Trucking is no different.

Scott Hewitt, the trucker who was behind the wheel of a big rig that killed Tina Turcotte in Hallowell last Friday, wouldn’t make Hannington’s list of good workers.

Hannington is president of the Maine Motor Transport Association. It’s a trade group representing the trucking industry and those who work in it.

On Thursday, he was lamenting the ugly side of the business. That includes drivers like Hewitt, an owner-operator with nearly three dozen motor vehicle convictions, 14 license suspensions and five accidents, including Friday’s fatality.

Hewitt and others with lousy driving records “are blackening the eyes of a lot of people,” Hannington said.

“We’d like to have that type of driver off the road a long time ago,” he added. “Unfortunately, we ran out of time.”

He noted that Hewitt’s right to drive was under suspension, and that his truck plates had been recalled. The paperwork just hadn’t caught up to Hewitt by Friday.

The accident shouldn’t have happened, he suggested, but it did. The process that’s intended to get drivers with Hewitt’s type of record off the roads broke down somewhere along the way.

Hannington said the trucking industry supports steps to rid the road of dangerous truckers as well as dangerous trucks.

Trucking companies are required by law, he noted, “to do due diligence on the drivers” they hire. That includes checking drivers’ accident and traffic-stop records at the time of hiring and again every year that they’re on the payroll.

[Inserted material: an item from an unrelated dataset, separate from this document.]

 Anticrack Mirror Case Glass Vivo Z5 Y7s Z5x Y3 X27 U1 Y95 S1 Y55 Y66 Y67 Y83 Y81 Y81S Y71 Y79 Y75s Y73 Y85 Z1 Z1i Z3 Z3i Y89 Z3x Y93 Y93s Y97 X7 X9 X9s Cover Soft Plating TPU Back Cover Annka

Owner-operators – people like Hewitt – are supposed to do pretty much the same, but Hannington notes that such self-policing is far from foolproof.

He said brokers, the agents who bring shippers and truckers together to move America’s commerce, can also check drivers’ records. Some do, some don’t.

It isn’t always easy, and it isn’t always cheap.

Maine’s driver records may be read via the Internet, but each search costs $5. That cost can add up for a busy broker. And sometimes time is an issue as well, with perishables that need to get from point to point quickly. Looking up a driver’s history can delay deliveries, and a shipper might look elsewhere for a broker’s services the next time.

It’s not a perfect system but it’s the system that’s there, Hannington notes.

He says good drivers sometimes help to get bad drivers off the nation’s highways. When they see a trucker driving dangerously, some have been known to call police and report the driver. Others sometimes call the driver’s employer.

And “how’s my driving?” stickers on the back of some trailers along with toll-free numbers have also helped to point a spotlight on the worst offenders.

But Hannington says everyone needs to help to promote roadway safety, particularly in construction zones such as the one where Tina Turcotte was killed.

Truckers and other drivers “should be leaving plenty of room between vehicles,” he said, enough so that there are escape routes.

“Our drivers are sharing the road with these guys (bad drivers) all the time; it’s not just people in cars” who are at risk, he said.